Administration tools

[marcua]

@sofiaritz pointed out that it would be helpful to provide administration tools for common administrative use cases. I agree, and am sorting some thoughts out here.

• What are an initial set of administrative needs?
  • Revoke a token due to some form of abuse
  • Disable an account (can accept a reason)
    • Sets the visibility of its databases to private and removes all collaborators
    • Revokes all tokens
  • Enable an account
  • Deleting an account (and all databases it owns via cascading deletes)
  • Change visibility of/disable a database (due to intellectual property infringement, etc.). Relies on us implementing option public visibility for public visibility of databases, access control, etc. If disabling, a reason must be set (random example from the GH DMCA repo: https://github.com/Wanjieming/IPTV).
• How will it be implemented
  • Is this ayb admin [revoke_token|disable_account|...], which you run on the primary server? (Pro: limits attack surface, Con: no exposed API)
  • Is this a new set of endpoints that are restricted to users with administrative privileges? (Pro: API allows us to build UI around it in the future, Con: increases attack surface of server)

[sofiaritz]

Re: initial set.

The things I have listed are the following:

• Revoking tokens from an user
• Revoking all tokens instance-wide
• Disabling an account
  • Sets the visibility of its databases to private and removes all collaborators
  • Revokes all tokens
  • A reason can be set
  • (Enabling a disabled account)
• Deleting an account
  • Deletes the databases associated with that account
• Change the visibility of a database
  • Add an option to remove all collaborators
• Delete a database
  • A reason must be set (random example from the GH DMCA repo: https://github.com/Wanjieming/IPTV)
  • Add an option to disable the account of the owner
  • Add an option to disable the accounts of the collaborators

Re: implementation. I think this should be implemented as a command that runs on the server (at least for now, we can revisit this in the future)

[marcua]

This is an excellent list, thank you @sofiaritz! I've updated the items in the description, but let me know if I missed any details.

Three items I didn't add yet because I'd like to understand them better:

• Revoking all tokens instance-wide: I haven't seen this in other systems, but would like to hear more. I'd imagine needing to do this means there's been some big security incident, and likely there will be several nuanced migrations/manual actions in that case that the sledgehammer command offers wouldn't be enough. I'm thinking of the CircleCI incident, for example, where despite keys being compromised, they still guided users through the key rotation process.
• Remove all collaborators: I'd imagine that as an administrator you would either want to remove one collaborator (which I imagine the permissions/sharing APIs would let you do) or to disable the database, but I'm not sure the scenario where removing all collaborators specifically would be necessary.
• I added "disable a database with a reason," but didn't add the options to disable accounts, since there's probably some nuance to the actions one would take and we'd have an admin command to handle each of the relevant owners/collaborators.

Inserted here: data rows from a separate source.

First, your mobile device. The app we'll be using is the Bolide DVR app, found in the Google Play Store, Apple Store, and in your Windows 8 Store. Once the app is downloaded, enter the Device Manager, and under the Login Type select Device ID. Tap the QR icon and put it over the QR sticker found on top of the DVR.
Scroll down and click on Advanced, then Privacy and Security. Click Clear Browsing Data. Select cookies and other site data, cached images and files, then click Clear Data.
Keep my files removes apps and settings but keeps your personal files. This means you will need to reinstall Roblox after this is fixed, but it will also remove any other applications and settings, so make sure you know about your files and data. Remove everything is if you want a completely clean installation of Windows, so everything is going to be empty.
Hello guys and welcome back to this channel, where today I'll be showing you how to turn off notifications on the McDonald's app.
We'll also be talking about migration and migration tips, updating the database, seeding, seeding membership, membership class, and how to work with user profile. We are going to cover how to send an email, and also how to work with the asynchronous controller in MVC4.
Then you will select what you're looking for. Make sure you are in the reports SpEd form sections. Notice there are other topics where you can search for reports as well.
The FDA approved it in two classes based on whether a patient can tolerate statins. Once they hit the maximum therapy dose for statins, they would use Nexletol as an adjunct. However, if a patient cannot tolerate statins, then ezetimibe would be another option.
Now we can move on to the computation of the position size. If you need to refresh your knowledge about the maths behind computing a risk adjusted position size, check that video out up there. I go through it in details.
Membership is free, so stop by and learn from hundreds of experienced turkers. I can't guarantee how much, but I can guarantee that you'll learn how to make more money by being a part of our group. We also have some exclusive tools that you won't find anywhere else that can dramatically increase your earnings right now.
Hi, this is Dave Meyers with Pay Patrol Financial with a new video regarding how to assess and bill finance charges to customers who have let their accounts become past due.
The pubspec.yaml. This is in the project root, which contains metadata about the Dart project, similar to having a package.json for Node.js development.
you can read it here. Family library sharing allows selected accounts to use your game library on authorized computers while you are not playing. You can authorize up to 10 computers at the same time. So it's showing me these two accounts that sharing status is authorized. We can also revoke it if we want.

Makes sense on implementation. I keep hoping there will be some other project that provides a Django Admin-like administrative tool, but I can't find one. It's wild to me that we have to come up with this stuff for ourselves, and I'd love to find a way to avoid it :).

[sofiaritz]

Revoking all tokens instance-wide

I have in mind a case where an attacker has obtained access to something like the fernet key and a backup instance is started on another server while forensic analysis is going on. In that case the ayb instance is secure (the compromised box is turned off/being analyzed, but a backup one has been created using backup data), but all tokens are compromised (the attacker has access to the fernet key).
But in that case, changing the fernet key must be done and would effectively revoke all tokens (at least I think it would?).

Remove all collaborators

I forgot to write down the reason for this and I can't think of anything, you can remove it :p

but didn't add the options to disable accounts

In the case of something like illegal activities, the safest thing to do from a legal standpoint is to immediately disable access from all possible bad actors and then start investigating who really should have their account disabled.
For example, an admin receives a report of a database containing links to CSAM content. The right thing to do there is to disable access to everyone involved, delete the database and contact local authorities.

[marcua]

But in that case, changing the fernet key must be done and would effectively revoke all tokens (at least I think it would?).

That's right. As soon as you change the fernet key, any data (registration tokens) signed with the old ones will be "revoked" in the sense that they will not be accepted anymore. Since the fernet key is set in ayb.toml, there's no action we have to take from an admin command that I can think of.

For API tokens, we only store part of the token and a hash of the part we don't have in the DB, so even if one key is compromised, or if the DB itself is compromised, there shouldn't need to be any wholesale revocation.

I'm not a security expert, so definitely poke holes in this! :)

The right thing to do there is to disable access to everyone involved, delete the database and contact local authorities.

No pushback on the real-life action to take, I was more thinking it's not many steps to list collaborators and call the "Disable account" admin command on each. Since it wasn't many steps, I didn't want to add complexity to the implementation and have two different ways to disable accounts. I don't feel too strongly, and would be happy to look at the more complex implementation as well :).